> Data to examine
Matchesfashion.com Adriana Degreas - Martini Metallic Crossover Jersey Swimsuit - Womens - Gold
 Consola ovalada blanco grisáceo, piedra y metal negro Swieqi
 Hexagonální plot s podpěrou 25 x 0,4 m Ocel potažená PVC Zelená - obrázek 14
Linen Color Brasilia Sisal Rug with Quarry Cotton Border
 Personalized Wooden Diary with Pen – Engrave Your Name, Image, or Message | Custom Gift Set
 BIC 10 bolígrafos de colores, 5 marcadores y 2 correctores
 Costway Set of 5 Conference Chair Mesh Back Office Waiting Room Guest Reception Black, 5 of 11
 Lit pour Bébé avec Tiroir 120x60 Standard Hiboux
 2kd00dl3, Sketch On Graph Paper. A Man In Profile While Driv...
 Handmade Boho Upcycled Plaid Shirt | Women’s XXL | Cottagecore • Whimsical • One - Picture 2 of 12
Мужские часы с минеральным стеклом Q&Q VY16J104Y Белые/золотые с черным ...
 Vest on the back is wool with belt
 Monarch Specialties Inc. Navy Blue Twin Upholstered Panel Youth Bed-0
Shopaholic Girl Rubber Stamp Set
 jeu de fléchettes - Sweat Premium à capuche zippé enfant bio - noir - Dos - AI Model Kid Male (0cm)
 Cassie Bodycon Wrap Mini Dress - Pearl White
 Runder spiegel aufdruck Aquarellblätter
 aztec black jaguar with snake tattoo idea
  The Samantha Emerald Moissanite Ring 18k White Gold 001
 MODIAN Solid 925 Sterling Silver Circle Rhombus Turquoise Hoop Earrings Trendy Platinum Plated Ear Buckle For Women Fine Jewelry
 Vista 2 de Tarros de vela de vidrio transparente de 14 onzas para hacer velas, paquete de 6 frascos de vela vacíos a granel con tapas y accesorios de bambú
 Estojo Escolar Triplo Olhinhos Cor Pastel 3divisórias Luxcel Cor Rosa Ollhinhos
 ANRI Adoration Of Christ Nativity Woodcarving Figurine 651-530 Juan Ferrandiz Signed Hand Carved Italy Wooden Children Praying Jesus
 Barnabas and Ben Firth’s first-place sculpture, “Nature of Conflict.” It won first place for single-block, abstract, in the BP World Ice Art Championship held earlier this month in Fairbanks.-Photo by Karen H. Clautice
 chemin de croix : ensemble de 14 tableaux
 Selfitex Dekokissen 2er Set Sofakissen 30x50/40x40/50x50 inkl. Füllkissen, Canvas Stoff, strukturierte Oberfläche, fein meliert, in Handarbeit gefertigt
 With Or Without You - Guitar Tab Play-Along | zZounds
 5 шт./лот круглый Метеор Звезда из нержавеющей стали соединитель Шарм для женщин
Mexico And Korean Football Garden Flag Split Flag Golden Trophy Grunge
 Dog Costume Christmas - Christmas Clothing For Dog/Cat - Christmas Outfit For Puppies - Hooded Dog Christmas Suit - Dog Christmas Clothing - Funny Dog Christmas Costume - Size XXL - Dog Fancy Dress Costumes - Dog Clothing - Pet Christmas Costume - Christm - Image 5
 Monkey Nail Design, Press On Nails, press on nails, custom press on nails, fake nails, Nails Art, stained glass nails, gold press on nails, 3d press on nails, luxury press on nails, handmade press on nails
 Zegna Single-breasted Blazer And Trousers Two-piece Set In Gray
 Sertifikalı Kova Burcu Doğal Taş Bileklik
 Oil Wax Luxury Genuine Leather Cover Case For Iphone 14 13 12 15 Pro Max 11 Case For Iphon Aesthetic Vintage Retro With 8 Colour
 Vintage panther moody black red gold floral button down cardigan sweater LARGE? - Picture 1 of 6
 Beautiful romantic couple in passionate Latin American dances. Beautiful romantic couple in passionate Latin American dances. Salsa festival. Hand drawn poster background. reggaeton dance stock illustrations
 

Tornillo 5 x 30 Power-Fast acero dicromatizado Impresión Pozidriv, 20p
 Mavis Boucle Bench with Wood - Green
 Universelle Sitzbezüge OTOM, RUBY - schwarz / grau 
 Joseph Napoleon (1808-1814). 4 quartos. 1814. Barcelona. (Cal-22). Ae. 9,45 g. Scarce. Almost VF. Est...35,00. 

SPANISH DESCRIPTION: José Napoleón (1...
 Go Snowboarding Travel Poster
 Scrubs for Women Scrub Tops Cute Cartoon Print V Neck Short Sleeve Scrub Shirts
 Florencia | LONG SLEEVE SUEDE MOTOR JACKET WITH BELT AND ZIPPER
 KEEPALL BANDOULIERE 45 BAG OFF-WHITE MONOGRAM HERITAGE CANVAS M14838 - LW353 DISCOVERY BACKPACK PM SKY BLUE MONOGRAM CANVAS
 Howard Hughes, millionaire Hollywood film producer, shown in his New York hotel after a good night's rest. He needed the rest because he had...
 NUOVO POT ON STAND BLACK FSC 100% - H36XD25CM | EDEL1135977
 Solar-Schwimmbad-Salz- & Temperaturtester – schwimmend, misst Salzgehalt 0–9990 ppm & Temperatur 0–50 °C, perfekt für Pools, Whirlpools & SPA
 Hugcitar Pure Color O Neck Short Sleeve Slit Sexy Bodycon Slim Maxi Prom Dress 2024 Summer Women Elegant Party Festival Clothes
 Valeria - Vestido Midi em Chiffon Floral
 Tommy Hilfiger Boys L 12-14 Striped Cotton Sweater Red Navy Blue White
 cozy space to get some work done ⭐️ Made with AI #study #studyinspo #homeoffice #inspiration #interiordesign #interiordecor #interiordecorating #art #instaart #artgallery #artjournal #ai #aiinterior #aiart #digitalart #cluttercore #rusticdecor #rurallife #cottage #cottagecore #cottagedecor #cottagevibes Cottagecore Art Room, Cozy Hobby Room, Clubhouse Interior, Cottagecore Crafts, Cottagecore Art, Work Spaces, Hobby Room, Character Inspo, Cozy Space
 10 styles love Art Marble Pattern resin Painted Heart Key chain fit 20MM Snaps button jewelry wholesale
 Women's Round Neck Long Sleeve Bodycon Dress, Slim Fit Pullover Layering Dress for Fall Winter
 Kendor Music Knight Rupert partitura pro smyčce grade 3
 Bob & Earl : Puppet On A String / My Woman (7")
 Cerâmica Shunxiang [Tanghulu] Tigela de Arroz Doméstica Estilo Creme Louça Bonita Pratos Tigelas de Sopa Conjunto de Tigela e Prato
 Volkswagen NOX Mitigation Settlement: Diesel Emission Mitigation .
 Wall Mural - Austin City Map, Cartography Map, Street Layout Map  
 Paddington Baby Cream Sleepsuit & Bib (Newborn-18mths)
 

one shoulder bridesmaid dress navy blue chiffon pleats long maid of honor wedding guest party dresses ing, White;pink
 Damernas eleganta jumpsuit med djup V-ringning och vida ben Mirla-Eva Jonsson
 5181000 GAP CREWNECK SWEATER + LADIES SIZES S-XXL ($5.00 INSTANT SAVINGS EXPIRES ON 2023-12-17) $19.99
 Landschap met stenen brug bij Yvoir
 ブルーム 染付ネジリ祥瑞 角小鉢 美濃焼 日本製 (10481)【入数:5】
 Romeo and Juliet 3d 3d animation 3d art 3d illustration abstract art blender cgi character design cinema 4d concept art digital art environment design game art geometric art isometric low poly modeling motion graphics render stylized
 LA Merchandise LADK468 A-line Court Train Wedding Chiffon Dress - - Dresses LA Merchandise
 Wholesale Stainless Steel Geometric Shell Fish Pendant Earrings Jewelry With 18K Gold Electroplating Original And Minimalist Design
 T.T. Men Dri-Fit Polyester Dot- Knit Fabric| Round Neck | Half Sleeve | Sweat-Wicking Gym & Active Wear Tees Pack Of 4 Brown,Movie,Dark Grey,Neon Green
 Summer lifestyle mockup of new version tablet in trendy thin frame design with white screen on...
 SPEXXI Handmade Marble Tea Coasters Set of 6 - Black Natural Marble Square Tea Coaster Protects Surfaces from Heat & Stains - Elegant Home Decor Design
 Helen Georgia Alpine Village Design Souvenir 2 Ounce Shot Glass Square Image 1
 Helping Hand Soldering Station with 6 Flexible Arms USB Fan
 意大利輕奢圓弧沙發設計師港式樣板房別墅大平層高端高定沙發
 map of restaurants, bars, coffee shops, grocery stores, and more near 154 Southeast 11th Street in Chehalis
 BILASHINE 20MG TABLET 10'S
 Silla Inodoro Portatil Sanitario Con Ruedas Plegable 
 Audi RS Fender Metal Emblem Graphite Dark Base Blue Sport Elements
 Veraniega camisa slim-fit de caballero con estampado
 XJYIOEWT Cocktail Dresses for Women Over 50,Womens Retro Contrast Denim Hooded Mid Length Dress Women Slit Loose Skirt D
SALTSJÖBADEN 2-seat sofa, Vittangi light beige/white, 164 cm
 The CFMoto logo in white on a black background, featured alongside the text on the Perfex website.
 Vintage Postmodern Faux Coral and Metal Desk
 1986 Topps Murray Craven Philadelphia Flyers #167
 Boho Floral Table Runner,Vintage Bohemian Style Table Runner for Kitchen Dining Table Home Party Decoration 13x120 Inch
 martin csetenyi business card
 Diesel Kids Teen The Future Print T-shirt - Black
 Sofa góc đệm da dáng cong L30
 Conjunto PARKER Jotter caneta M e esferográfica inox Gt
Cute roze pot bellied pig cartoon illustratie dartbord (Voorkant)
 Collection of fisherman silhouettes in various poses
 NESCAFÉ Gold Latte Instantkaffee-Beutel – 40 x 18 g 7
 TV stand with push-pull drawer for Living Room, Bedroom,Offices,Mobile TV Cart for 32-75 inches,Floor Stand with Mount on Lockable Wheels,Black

> What is needed
Could you retype exactly the lines from the one containing "Silla Inodoro Portatil" through the final line of the data above, and no others?

> Result of the exercise
 Silla Inodoro Portatil Sanitario Con Ruedas Plegable 
 Audi RS Fender Metal Emblem Graphite Dark Base Blue Sport Elements
 Veraniega camisa slim-fit de caballero con estampado
 XJYIOEWT Cocktail Dresses for Women Over 50,Womens Retro Contrast Denim Hooded Mid Length Dress Women Slit Loose Skirt D
SALTSJÖBADEN 2-seat sofa, Vittangi light beige/white, 164 cm
 The CFMoto logo in white on a black background, featured alongside the text on the Perfex website.
 Vintage Postmodern Faux Coral and Metal Desk
 1986 Topps Murray Craven Philadelphia Flyers #167
 Boho Floral Table Runner,Vintage Bohemian Style Table Runner for Kitchen Dining Table Home Party Decoration 13x120 Inch
 martin csetenyi business card
 Diesel Kids Teen The Future Print T-shirt - Black
 Sofa góc đệm da dáng cong L30
 Conjunto PARKER Jotter caneta M e esferográfica inox Gt
Cute roze pot bellied pig cartoon illustratie dartbord (Voorkant)
 Collection of fisherman silhouettes in various poses
 NESCAFÉ Gold Latte Instantkaffee-Beutel – 40 x 18 g 7
 TV stand with push-pull drawer for Living Room, Bedroom,Offices,Mobile TV Cart for 32-75 inches,Floor Stand with Mount on Lockable Wheels,Black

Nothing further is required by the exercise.